O que falta no país é uma consciência de que a proteção das riquezas ambientais acaba sendo a médio e longo prazo mais interessante para economia e para prosperidade do próprio país. De modo geral, a tendência é ter uma visão mais imediatista. O Brasil é um país é muito grande muito, então nossa tendência histórica é de se destruir uma região acreditando que haverá outra para se explorar. Este processo está se esgotando e o Brasil muito breve deverá compreender, não por uma questão de uma consciência moral, e sim por questões econômicas, a importância da água, da diversidade natural. Tudo isso são elementos que definirão uma economia do futuro. Porém, sempre haverá uma luta muito grande entre as pessoas que veem o desenvolvimento do Brasil a longo prazo e aqueles que querem ter um lucro em curto prazo. Hoje, no congresso brasileiro existe uma tendência mais forte em favorecer o curto prazo.
Como o senhor vê a esquerda brasileira atual? Ainda existe esquerda?

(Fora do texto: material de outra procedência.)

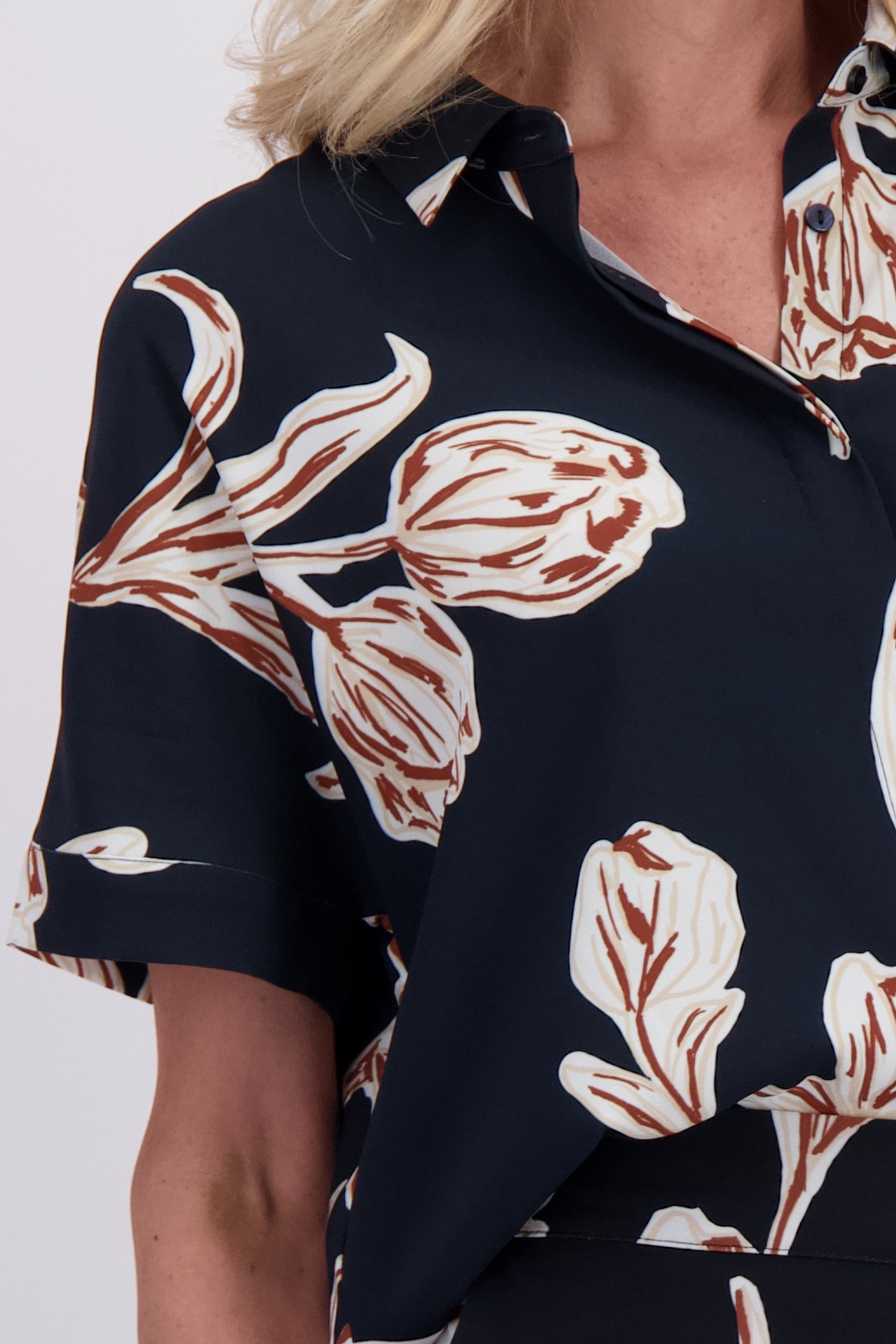 Detail van Blauwe blouse met print  door AC by Annelien Coorevits voor Dames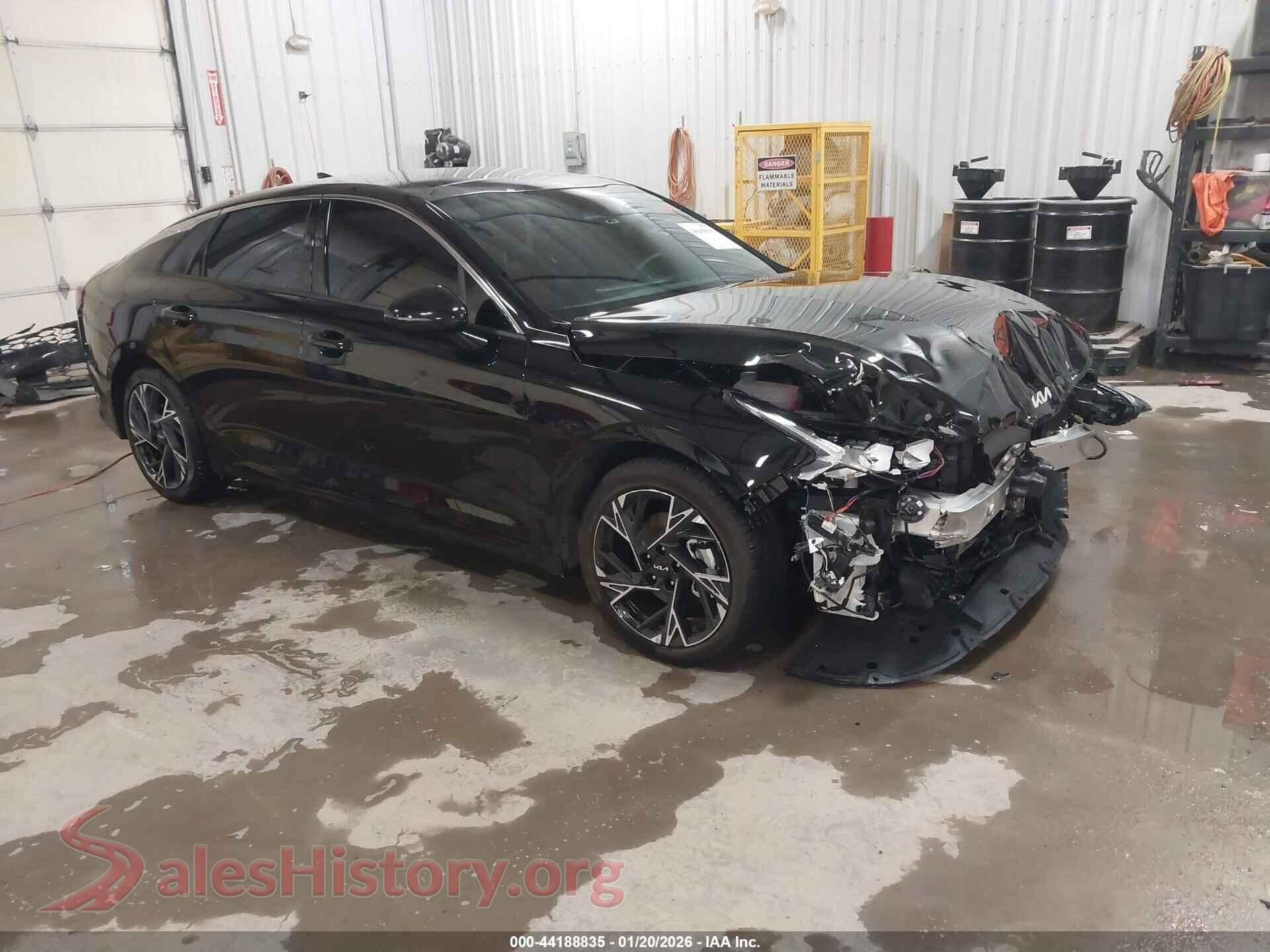 2025 KIA K5 — VIN KNAG64J77S5373149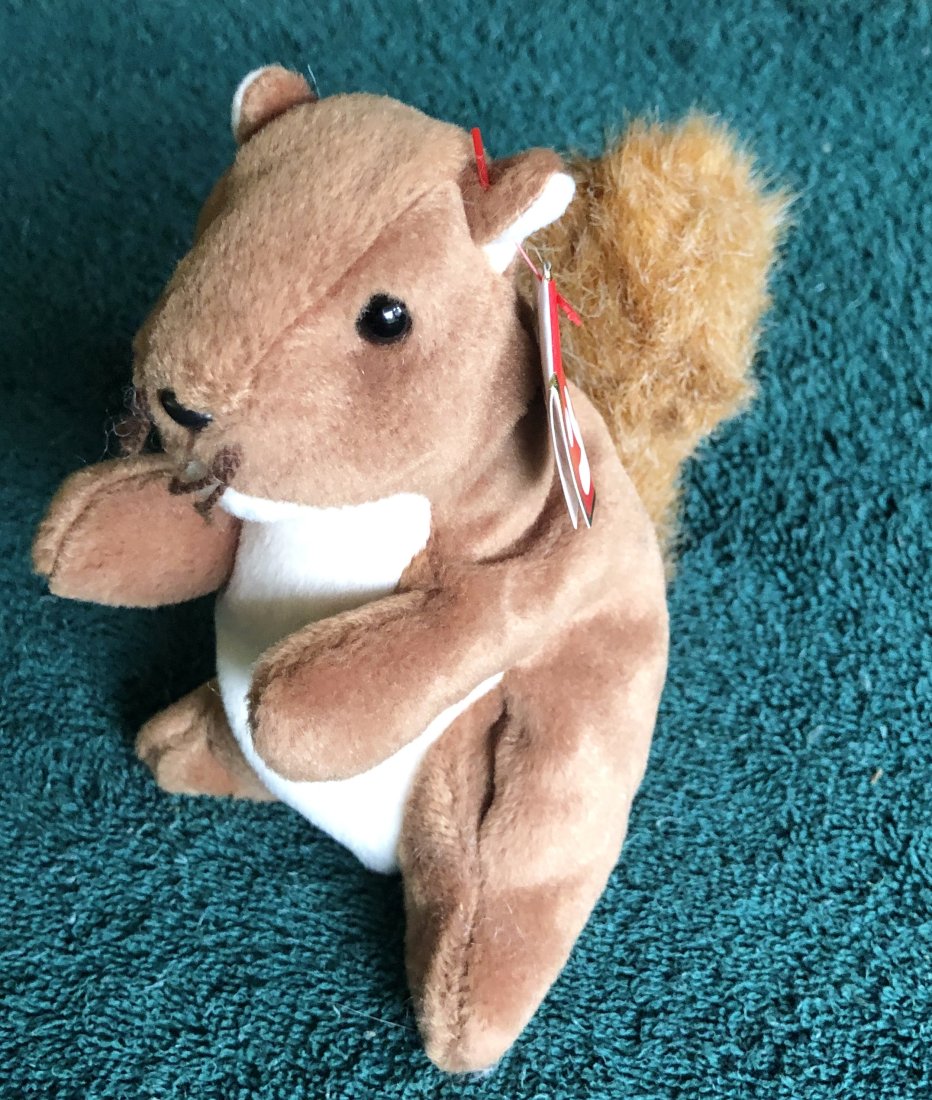 Beanie Baby: Nuts, has both tags, see photos.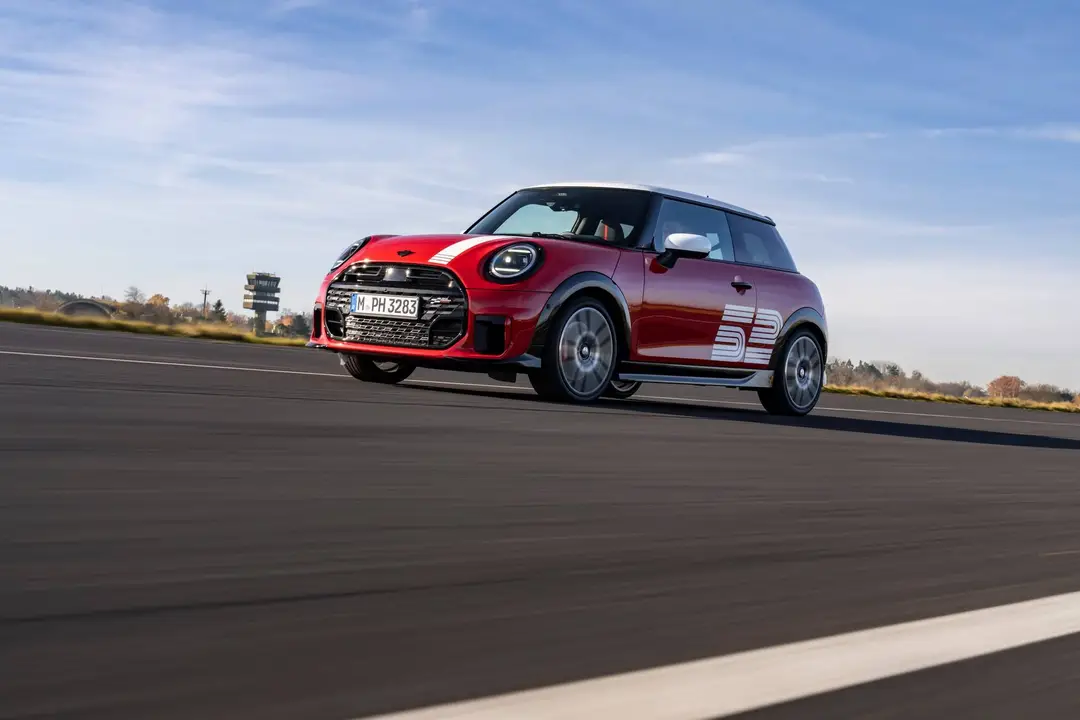 mini jcw 1965 victor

Com os acontecimentos que surgiram e com a experiência que foi adquirida neste início de século, as tendências em dividir a sociedade entre direita e esquerda, podem ainda existir, porém não representam mais unanimidade. A sociedade atual, às vezes, aceita soluções de direita; às vezes, aceita soluções de esquerda no mesmo governo. Claro que a complexidade social é tamanha, que nenhuma das duas visões pode resolver sozinha a situação. Cada momento, cada problema, demanda uma análise e solução específica. Um dos parâmetros fundamentais da esquerda, que creio ter possibilidade ainda de avançar e obter maiores êxitos, é o fato de ela ser ou não democrática. Essa é uma linha divisória no interior da esquerda brasileira. As pessoas que acreditam que o processo deve ser democrático e que enxergam a democracia como um fim, e no processo contrário, as pessoas que enxergam a democracia como um meio para se promover uma ditadura. Este é um marco importante, que define duas visões de esquerda. Hoje, por exemplo, só uma minoria da esquerda brasileira rejeita o governo da Venezuela. Outros consideram que o Bolivarianismo é um governo legitimo, popular e progressista, quando na verdade ele não representa mais que uma tentativa de usar a democracia para implantar uma ditadura.